- **WORK TO COMPLETE**
Without pictures, return the lines from the one containing "Vector set of" through the last line of the data below, exactly.

- **DATA PROVIDED**

----------

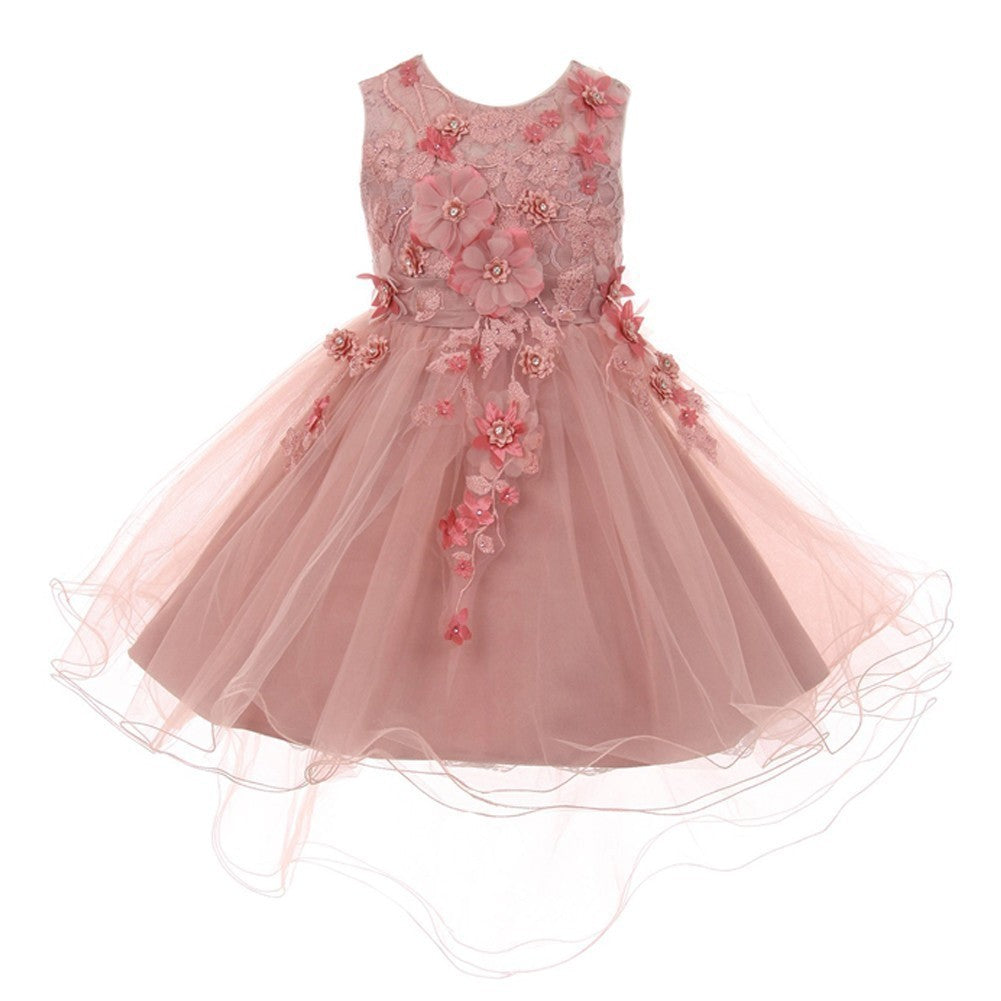 Little Girls Dusty Rose 3D Floral Appliques Hi-Low Tulle Flower Girl Dress 2-6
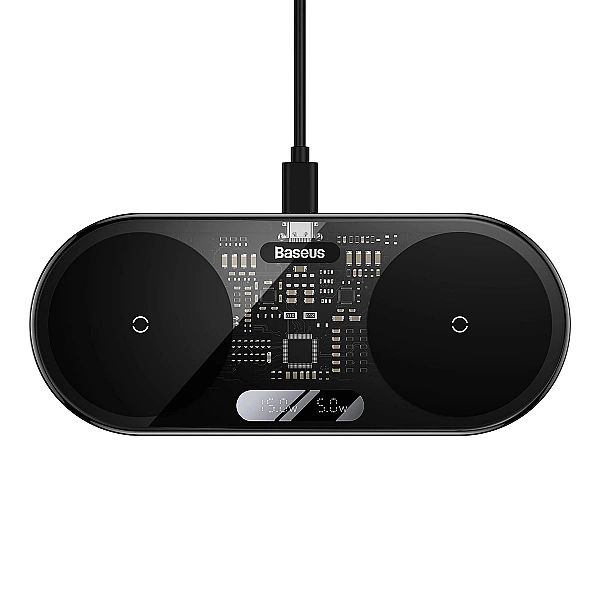 Baseus Digital LED Display podwójna ładowarka bezprzewodowa z cyfrowym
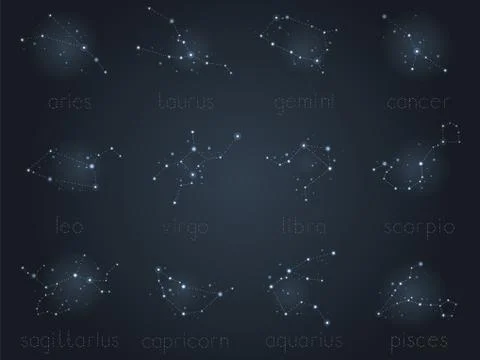 Vector set of zodiac constellations. Shining stars in the night sky. Stock Illustration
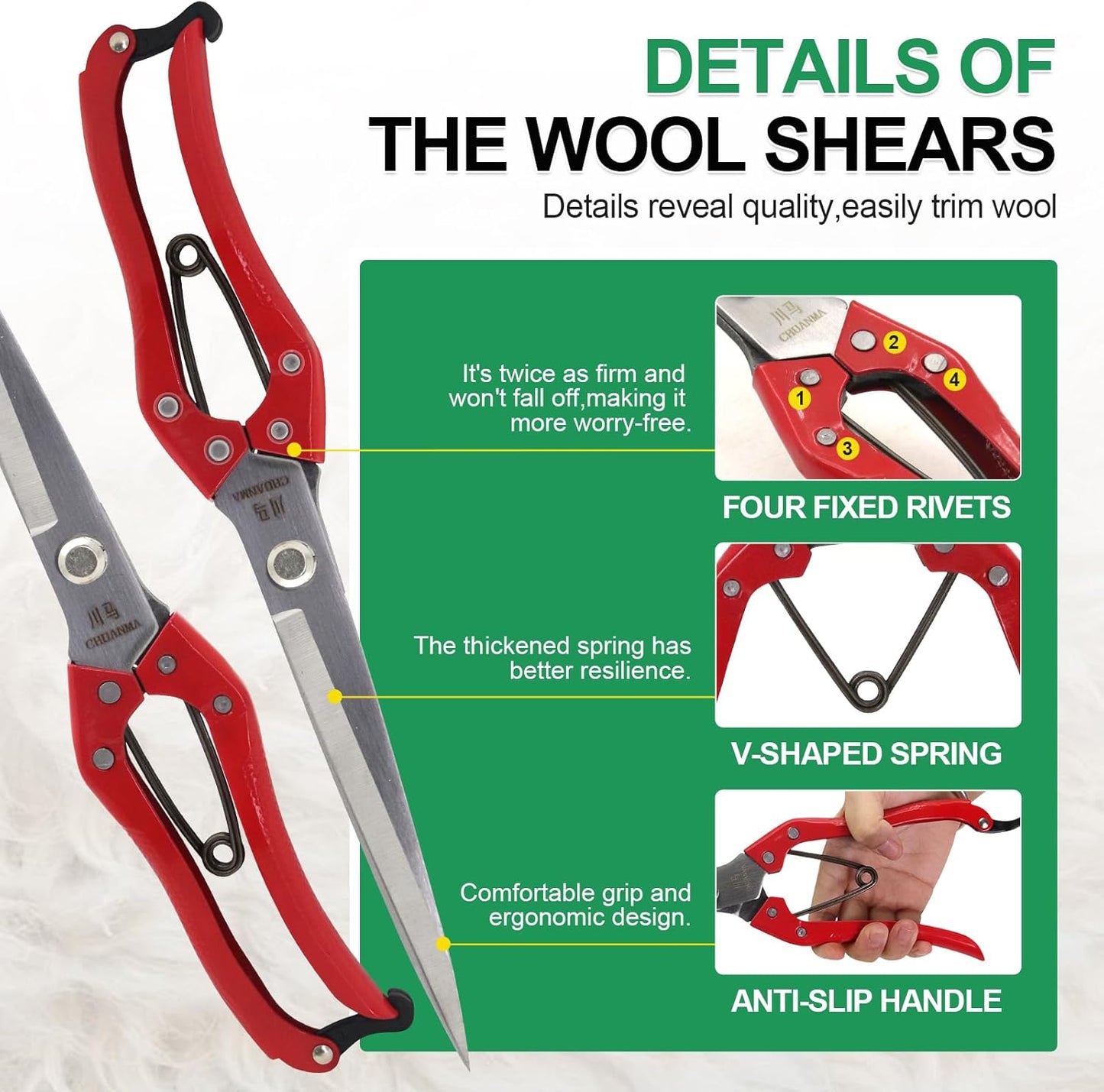 Manual Wool Shearing Shear Stainless Steel Trimming Scissor Long blades Multifunctional garden shears Craft Scissors with spring Red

----------

- **SOLUTION TO THIS EXERCISE**
 Vector set of zodiac constellations. Shining stars in the night sky. Stock Illustration
 Manual Wool Shearing Shear Stainless Steel Trimming Scissor Long blades Multifunctional garden shears Craft Scissors with spring Red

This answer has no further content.